It's been nearly 15 years since David Beckham came to the United States and the Designated Player Rule was established. MLS has served as a fitting coda to some of soccer's all-time best (Thierry Henry, Kaka), it has kick-started stalled careers for internationals (Carlos Vela, Sebastian Giovinco, Zlatan Ibrahimovic) and Americans (Michael Bradley, Clint Dempsey) alike, and it has been a lucrative pit stop for many more (Steven Gerrard, Rafa Marquez).

For the league to truly thrive and leave behind its status as a victory lap for veterans or starter league for young luminaries, clubs like Portland must be the standard. MLS can't be just a place where talented players start or finish their careers.

The days of DPs as off-field ambassadors are, by and large, in the past, while wunderkinds like Alphonso Davies or Tyler Adams or Gianluca Busio showed they weren't long for the league. Ricardo Pepi, Caden Clark (who will leave New York for Red Bull affiliates RB Leipzig in the new year), Daryl Dike and Cole Bassett (who turned down a multimillion-dollar transfer to Benfica this summer) will be next. See them while they're a jaunt away and be happy you did, because soon they'll be careening down the flanks for Bayern Munich, Leipzig or Venezia as their predecessors are.

But there's something notable about that inaugural, star-studded NYCFC team from the 2015 season. It did boast Villa, Lampard and Pirlo, but also ... Ned Grabavoy. The longtime Real Salt Lake midfielder spent only one season in the Bronx before heading west to Portland, where he'd retire and move into the front office as the Timbers' director of scouting and recruitment under GM Gavin Wilkinson. Since, the Timbers have made MLS Cup twice in five seasons.

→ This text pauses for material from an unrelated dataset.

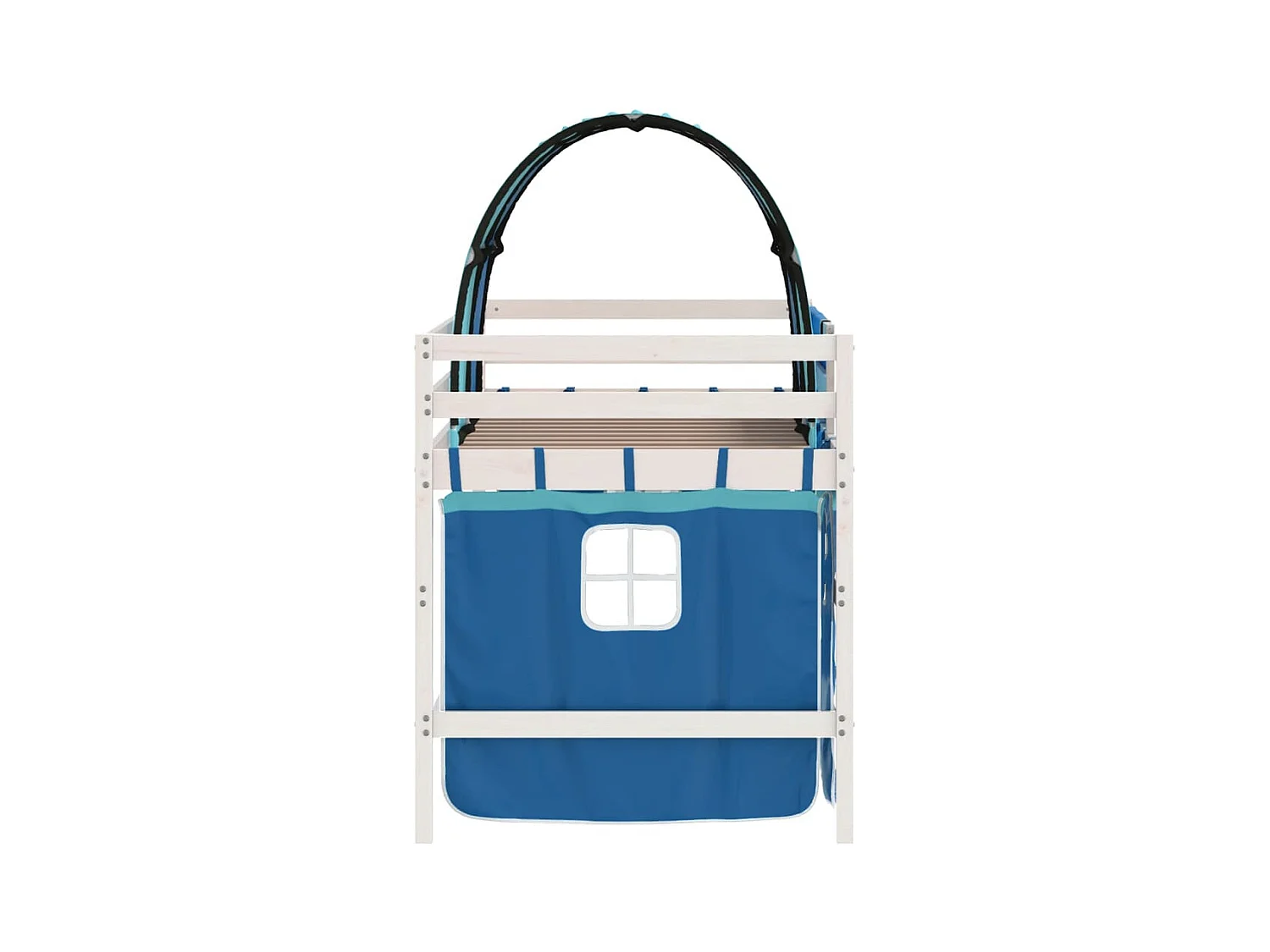 Kinderhoogslaper met tunnel zonder matras blauw 90x190 cm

The Timbers, although there's still room for improvement in pulling from the USL side, at least have one and make sensible transfers. Of Felipe Mora, Dairon Asprilla and Sebastian Blanco (Portland's three top scorers), Blanco was the costliest transfer with a fee of $5 million.

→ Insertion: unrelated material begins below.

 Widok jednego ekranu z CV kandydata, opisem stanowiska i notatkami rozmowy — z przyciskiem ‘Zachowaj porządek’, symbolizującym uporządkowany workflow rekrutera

NYCFC, with the emergence of young, high-potential dynamic DPs like Jesus Medina and Valentin Castellanos -- and the recent signing of Brazilian Talles Magno, who vaulted NYCFC to the title game after a Castellanos red card in the semifinal -- are well on their way into their next chapter. Since signing James Sands to the first homegrown contract in NYCFC history in July 2017, they've signed five more, including, most recently, 14-year-old English-born Christian McFarlane in September.

But, more than two decades in, if we're talking about which club represents the best of what Major League Soccer is and what it could be? It is, and has long been, Portland.